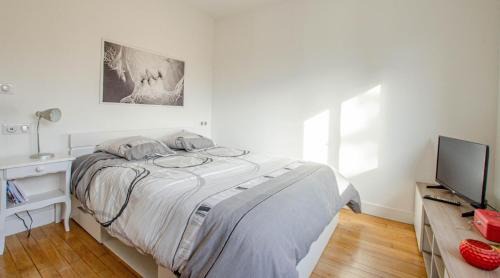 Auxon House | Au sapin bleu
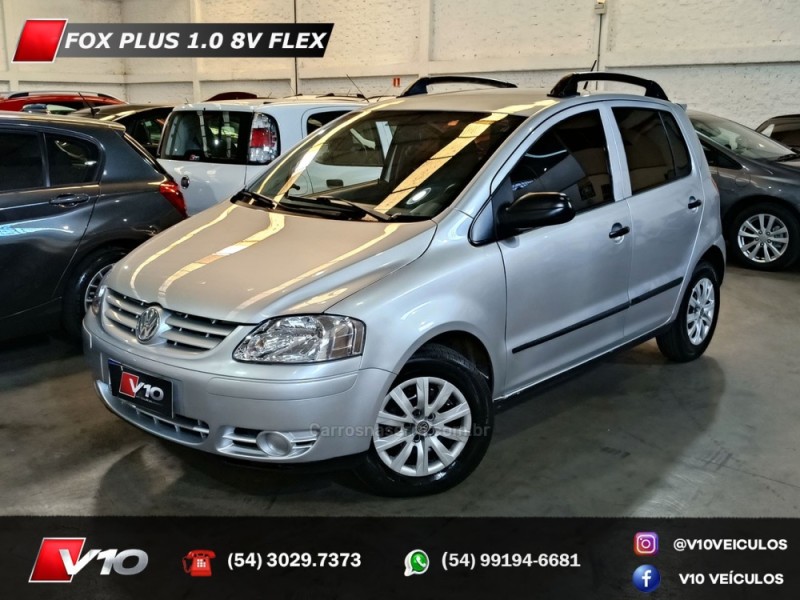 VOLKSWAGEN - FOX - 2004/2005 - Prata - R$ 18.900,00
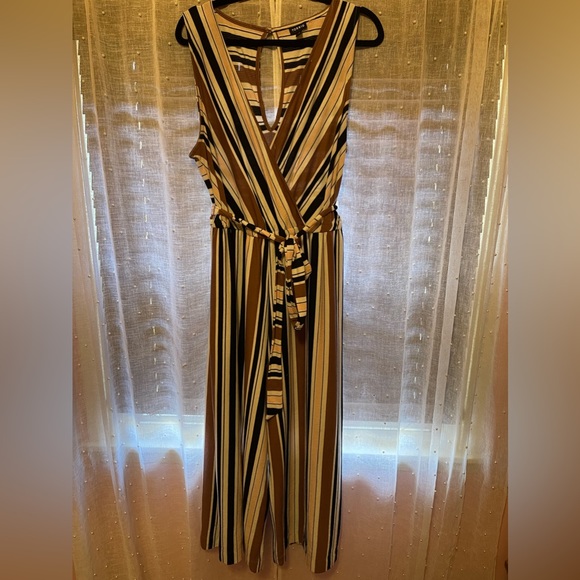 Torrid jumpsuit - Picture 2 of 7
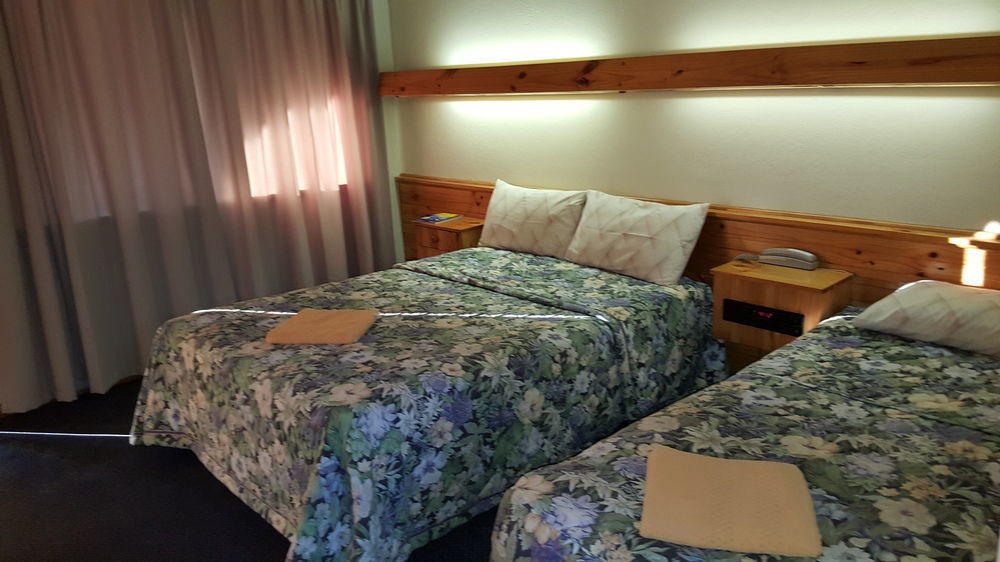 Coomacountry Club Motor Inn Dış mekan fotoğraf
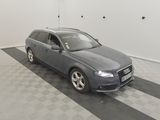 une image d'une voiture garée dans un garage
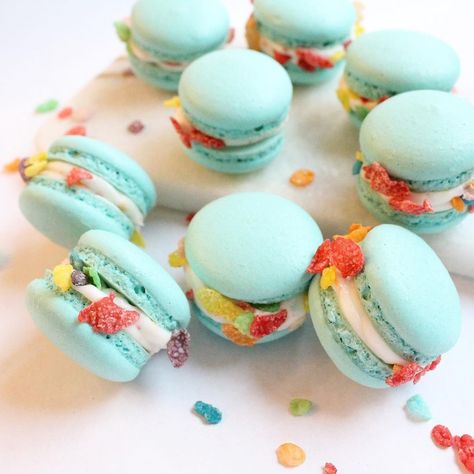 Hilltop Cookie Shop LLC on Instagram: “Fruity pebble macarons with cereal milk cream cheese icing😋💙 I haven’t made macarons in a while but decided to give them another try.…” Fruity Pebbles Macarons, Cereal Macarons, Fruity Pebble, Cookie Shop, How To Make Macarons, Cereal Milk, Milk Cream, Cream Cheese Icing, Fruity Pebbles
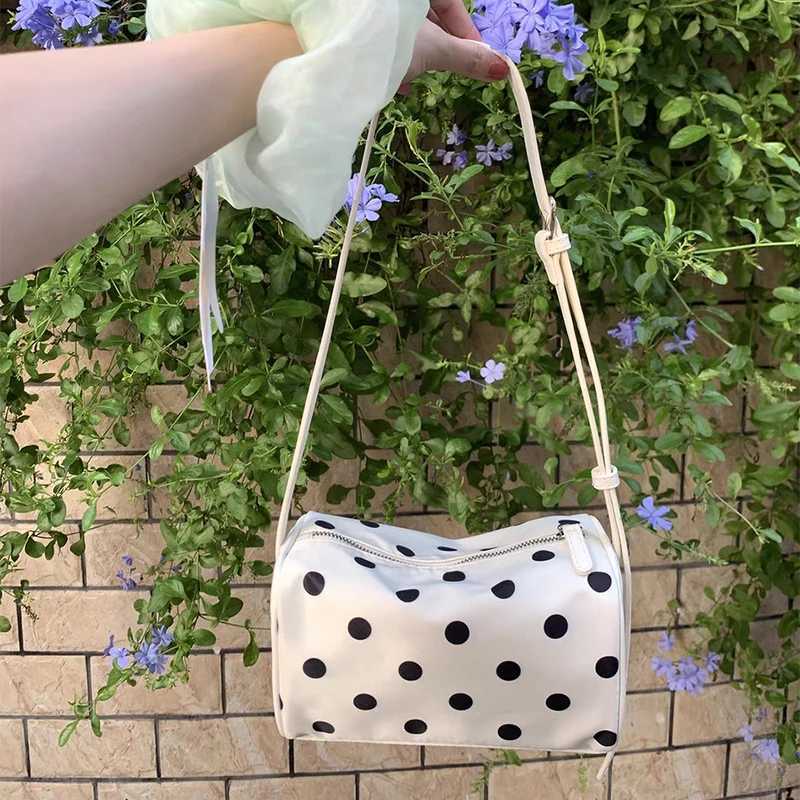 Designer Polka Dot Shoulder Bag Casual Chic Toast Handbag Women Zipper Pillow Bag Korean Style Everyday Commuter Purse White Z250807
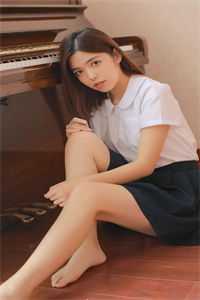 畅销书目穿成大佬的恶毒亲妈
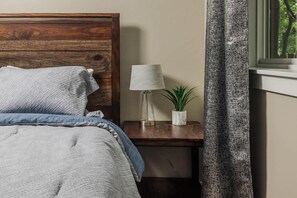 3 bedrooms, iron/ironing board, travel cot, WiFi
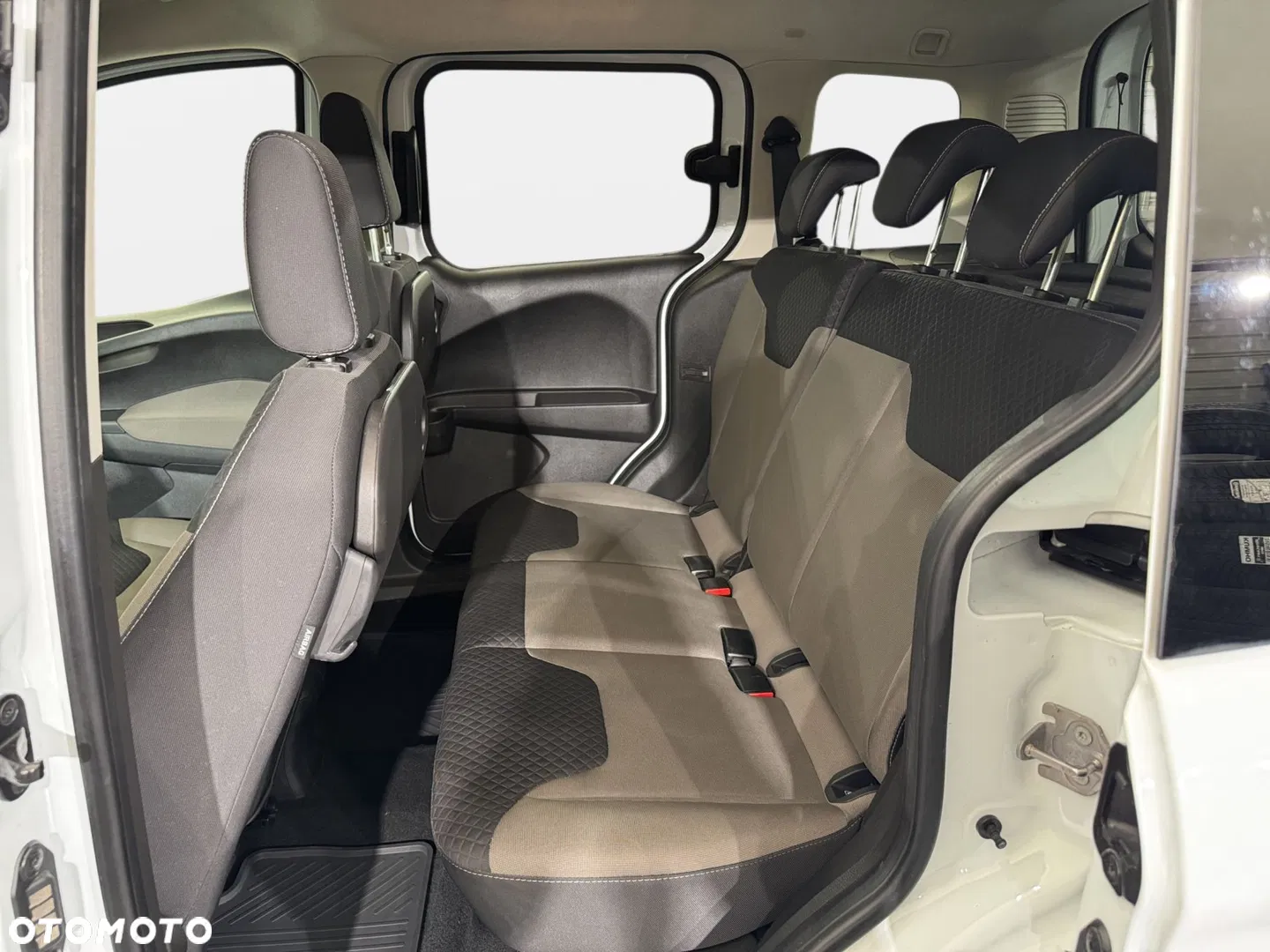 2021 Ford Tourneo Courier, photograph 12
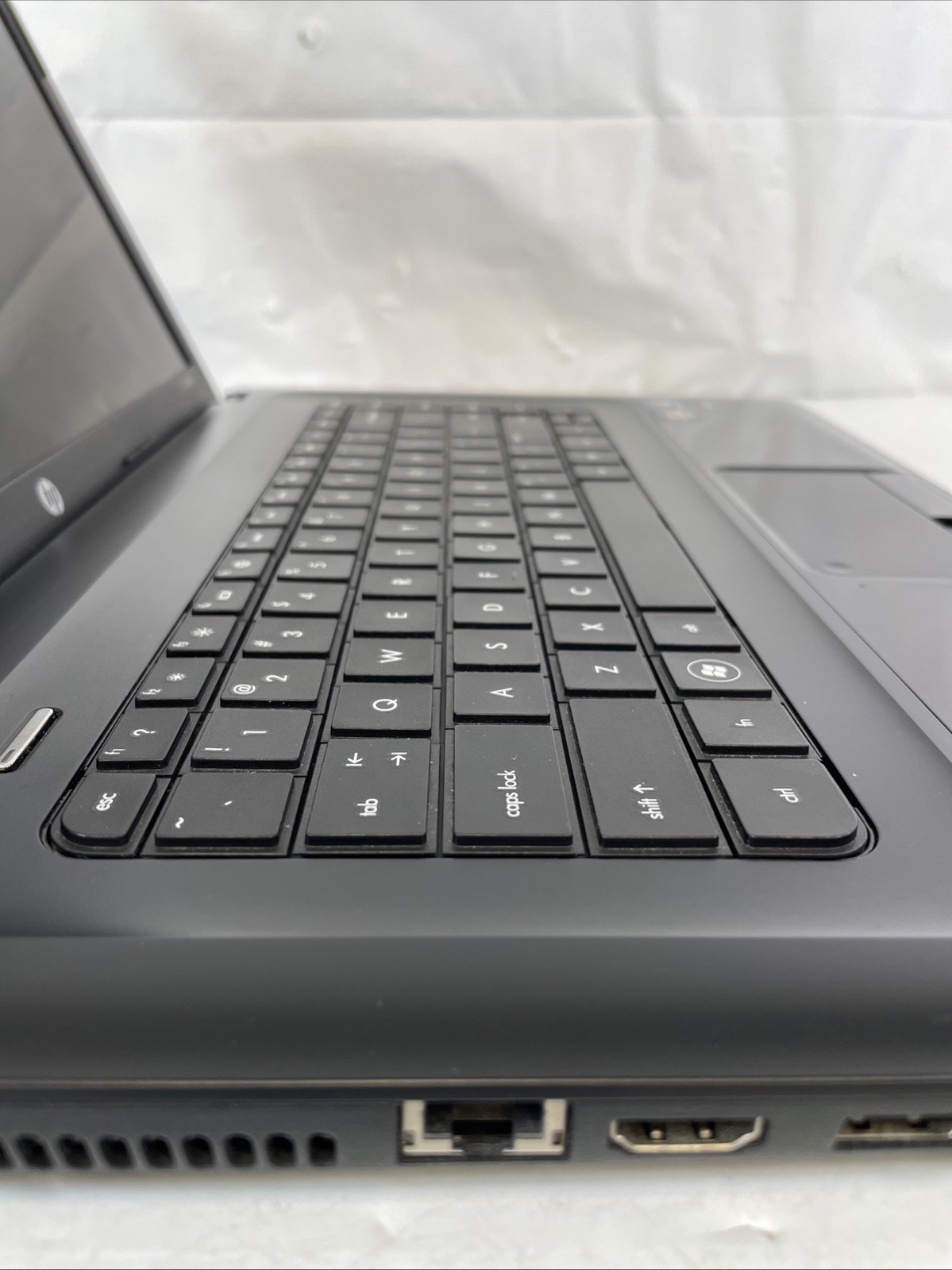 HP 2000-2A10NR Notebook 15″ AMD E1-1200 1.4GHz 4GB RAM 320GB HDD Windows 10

[What this task involves] After removing each picture, print the entries above exactly as they were.

[Output below]
 Auxon House | Au sapin bleu
 VOLKSWAGEN - FOX - 2004/2005 - Prata - R$ 18.900,00
 Torrid jumpsuit - Picture 2 of 7
 Coomacountry Club Motor Inn Dış mekan fotoğraf
 une image d'une voiture garée dans un garage
 Hilltop Cookie Shop LLC on Instagram: “Fruity pebble macarons with cereal milk cream cheese icing😋💙 I haven’t made macarons in a while but decided to give them another try.…” Fruity Pebbles Macarons, Cereal Macarons, Fruity Pebble, Cookie Shop, How To Make Macarons, Cereal Milk, Milk Cream, Cream Cheese Icing, Fruity Pebbles
 Designer Polka Dot Shoulder Bag Casual Chic Toast Handbag Women Zipper Pillow Bag Korean Style Everyday Commuter Purse White Z250807
 畅销书目穿成大佬的恶毒亲妈
 3 bedrooms, iron/ironing board, travel cot, WiFi
 2021 Ford Tourneo Courier, photograph 12
 HP 2000-2A10NR Notebook 15″ AMD E1-1200 1.4GHz 4GB RAM 320GB HDD Windows 10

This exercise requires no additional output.